Raphael Koster : La technologie kinect s'inscrit dans la mouvance des dispositifs vidéoludiques à base de capture de mouvement, tels que la Wii ou la Playstation Move. En ce moment, des jeux comme Just Dance d'Ubisoft fondent leur discours marketing sur une approche de type événementiel, misant sur l'intergénérationnel auprès d'institutions culturelles pour attirer de nouveaux publics vers la connaissance du jeu vidéo. Et le fait est que cela semble marcher : dans des maisons de retraite et centres de loisirs pour personnes âgées, il n'est pas rare de voir installées des Wii pour favoriser la rencontre entre les membres et les jeunes des environs ou de leur famille. Mais ce n'est que le début d'une recherche plus vaste sur la médiation culturelle du jeu vidéo. L'atelier Game Older, à la Gaité Lyrique de Paris, propose par exemple des sessions de jeux sélectionnés pour donner à voir la diversité de ce qui existe aux personnes âgées, sans nécessairement se limiter à la kinect (voir ici). Et l'on voit également, dans des expositions sur le jeu vidéo, fleurir de nouveaux dispositifs interactifs destinés à favoriser l'accès au jeu vidéo aux publics qui n'y sont pas familiarisés.

Les jeux vidéo à destination des enfants sont de plus en plus nombreux. Faut-il y voir un risque, ou bien peuvent-ils contribuer à leur éveil ?
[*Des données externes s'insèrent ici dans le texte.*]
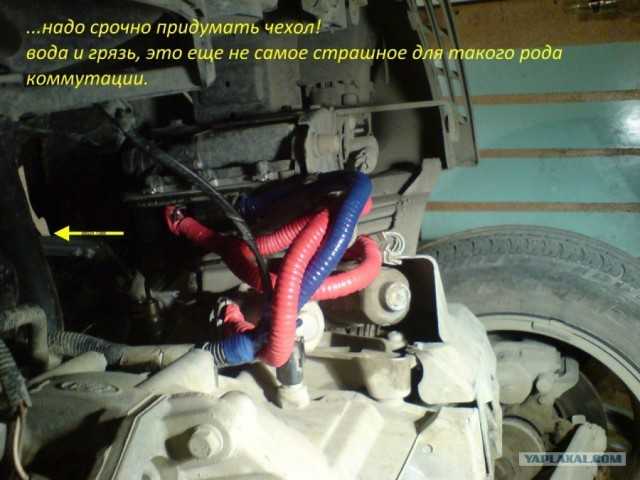 Коды ошибок ford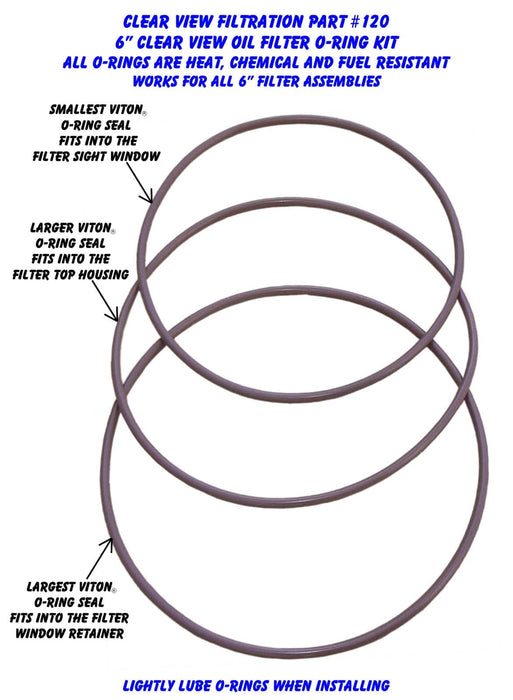 Clear View Filtration Clear View Filtration O-Rings 120 Autofit
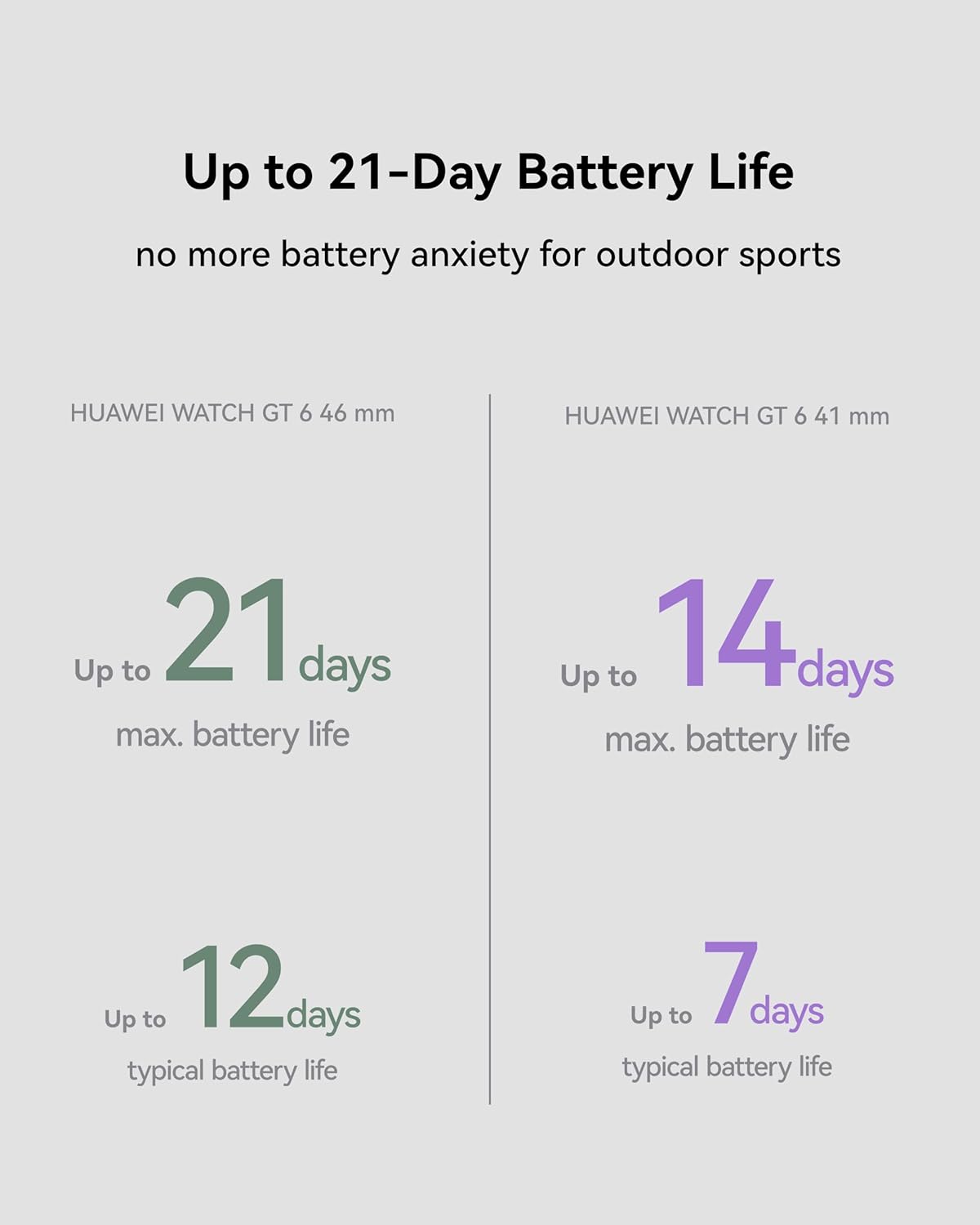 Thumbnail 3 de HUAWEI Watch GT 6 GPS 41mm (Gold) – AMOLED cycling smartwatch with up to 14 days battery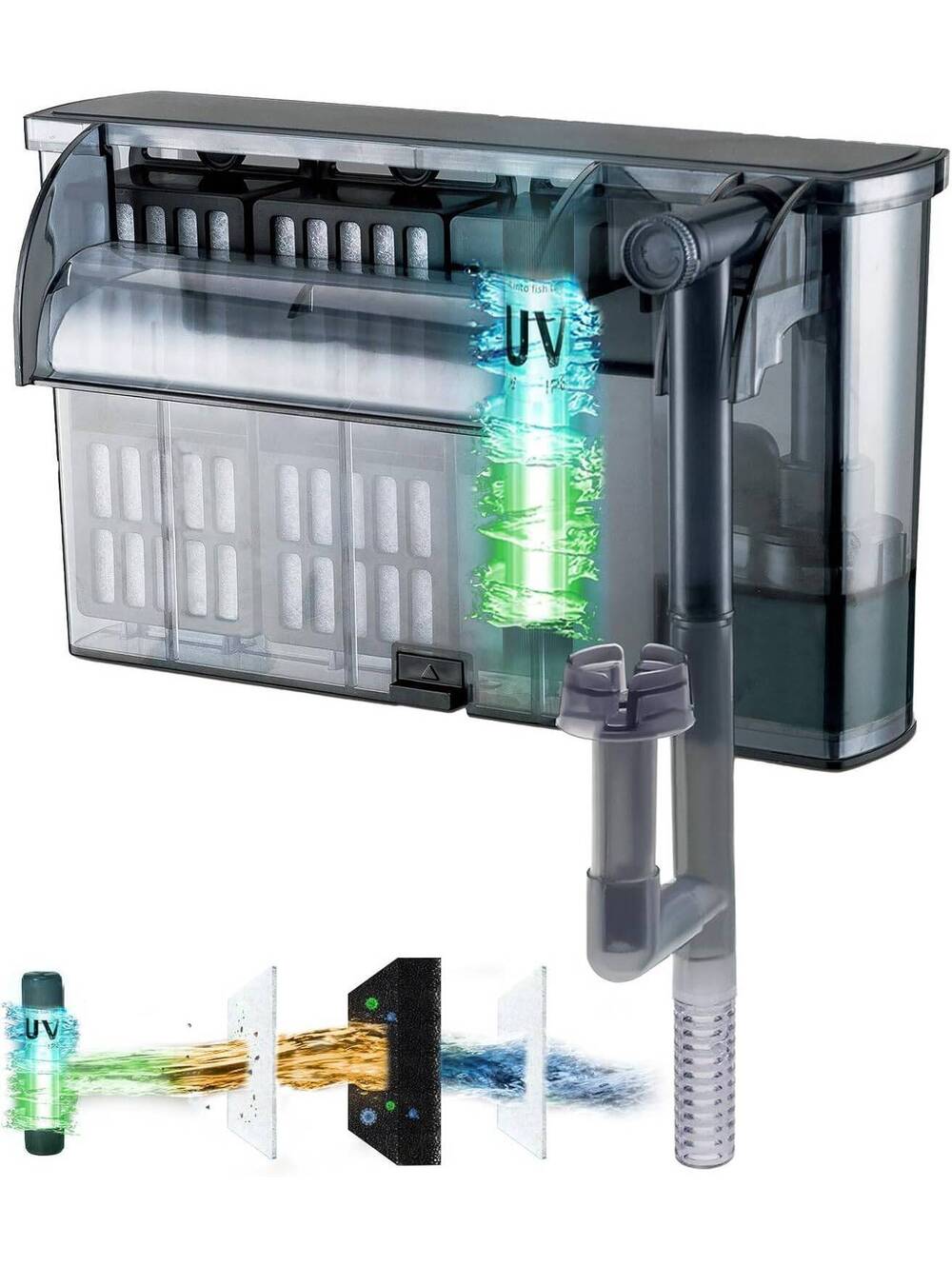 Large Hang-On Back Aquarium Filter with U-V 13-Stage for 20-75 Gal Tanks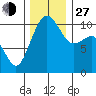 Coupeville tide chart for Saturday, November 27, 2021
Raphael Koster : Le "risque" d'une pratique culturelle, quelle qu'elle soit, n'est pas dépendante de son support, mais bien du contexte social dans laquelle elle se déploie. La question n'est pas "à quoi faut-il jouer?", mais plutôt "comment jouer?", "avec qui?", "quand?"... Ce qui fait l'éveil d'un enfant, c'est son éducation : c'est à dire les modalités de transmission du savoir.

Laisser un enfant jouer seul au jeu vidéo, sans l'accompagner, ni se préoccuper de ce qu'il fait, c'est perdre l'occasion de faire de sa pratique un moyen de socialisation et de construction en commun de sa sensibilité culturelle. Je joue avec mon fils de 2 ans à des jeux sur Ipad quand nous sommes dans le train. Je veille à choisir ses jeux selon des critères très personnels et intimes qui tiennent à ce que je désire lui transmettre : la musique de l'application "Petites choses", par exemple. J'ai une conception également toute personnelle de ce qui pourrait être "dangereux" pour lui, au sens de trop violent, qui pourrait le heurter sur le moment. Mais il grandit vite, et ces critères évoluent au fil de ce qu'il est capable de faire et de comprendre dans son approche du jeu. Le plus important est de rester en contact avec cet apprentissage, voire même de l'initier et de l'encourager, pour que le jeu vidéo demeure une activité sociale qui intègre aussi la cellule familiale.